### AIM OF THE EXERCISE
As you print the data below, keep every line exactly as it is and leave the images behind.

*** Opening RAW DATA ***

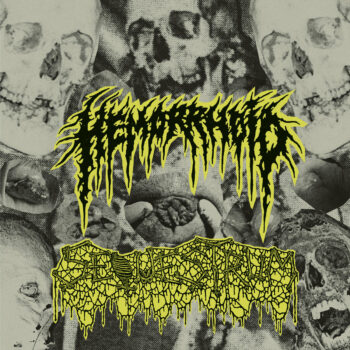 HEMORRHOID / SEQUESTRUM - SPLIT 7''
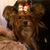 Julie Bowden's profile image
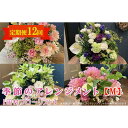 【ふるさと納税】季節のアレンジメント M 定期便 12ヶ月【田村フローリスト】 お花 植物 贈り物 誕生日 結婚祝い ホワイトデー バレンタイン 父の日 母の日...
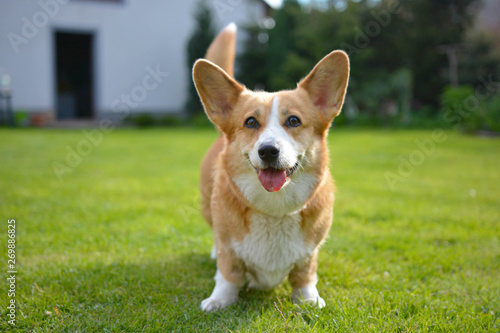 corgi na trawie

*** Closing RAW DATA ***

### OUTPUT
 HEMORRHOID / SEQUESTRUM - SPLIT 7''
 Julie Bowden's profile image
 【ふるさと納税】季節のアレンジメント M 定期便 12ヶ月【田村フローリスト】 お花 植物 贈り物 誕生日 結婚祝い ホワイトデー バレンタイン 父の日 母の日...
 corgi na trawie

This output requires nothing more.